* **What you have to do**:
Set down the full listing exactly as given. Any pictures are to be left out.

** Opening Information supplied block **

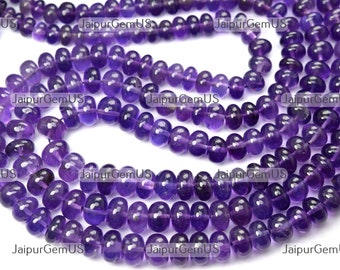 May include: Strands of polished, deep purple amethyst beads. The beads are smooth, rounded, and vary slightly in size, strung together to create a necklace or bracelet. The image is well-lit, showcasing the natural color and clarity of the gemstones.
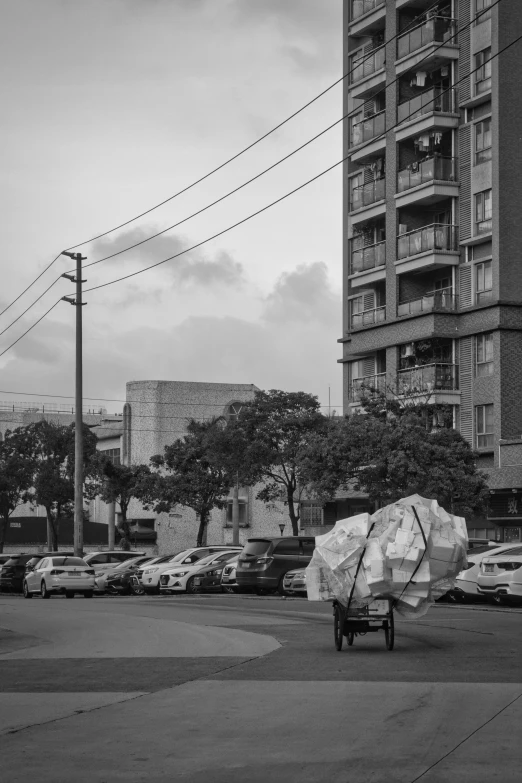 an umbrella is standing on a street corner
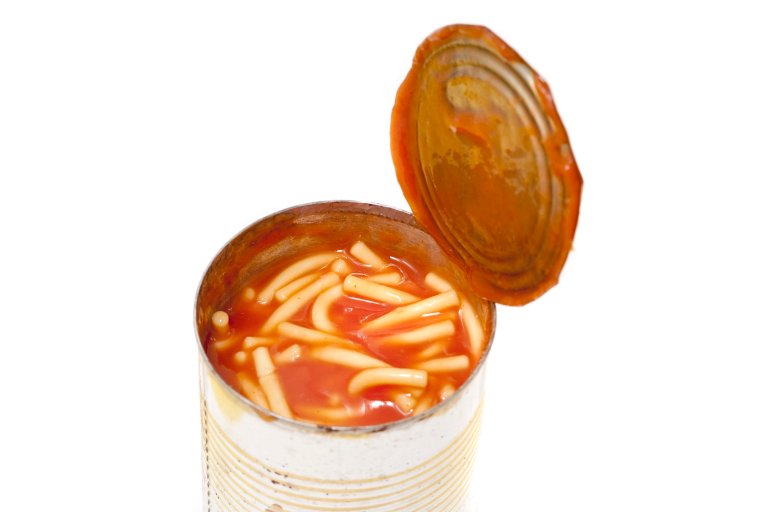 Opened tin of canned spaghetti in tomato sauce, a favourite snack with children and quick nutritious meal, isolated on white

** Closing Information supplied block **

* **Solved problem**:
 May include: Strands of polished, deep purple amethyst beads. The beads are smooth, rounded, and vary slightly in size, strung together to create a necklace or bracelet. The image is well-lit, showcasing the natural color and clarity of the gemstones.
 an umbrella is standing on a street corner
 Opened tin of canned spaghetti in tomato sauce, a favourite snack with children and quick nutritious meal, isolated on white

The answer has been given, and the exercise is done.